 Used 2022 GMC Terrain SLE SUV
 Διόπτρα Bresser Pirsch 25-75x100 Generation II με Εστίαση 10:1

--

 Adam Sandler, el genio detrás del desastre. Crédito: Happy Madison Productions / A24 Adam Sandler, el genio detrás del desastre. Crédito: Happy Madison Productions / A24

* * *

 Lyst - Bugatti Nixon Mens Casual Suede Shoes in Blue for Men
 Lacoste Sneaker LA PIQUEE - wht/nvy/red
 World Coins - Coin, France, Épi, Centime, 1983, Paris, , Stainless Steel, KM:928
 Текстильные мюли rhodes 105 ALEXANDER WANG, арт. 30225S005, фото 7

— Task —
Copy out each line of the data above, exactly, if it lies between the line holding "Lacoste Sneaker LA PIQUEE - wht/nvy/red" and the line holding "Текстильные мюли rhodes", inclusive; copy no other line.

— Problem solution —
 Lacoste Sneaker LA PIQUEE - wht/nvy/red
 World Coins - Coin, France, Épi, Centime, 1983, Paris, , Stainless Steel, KM:928
 Текстильные мюли rhodes 105 ALEXANDER WANG, арт. 30225S005, фото 7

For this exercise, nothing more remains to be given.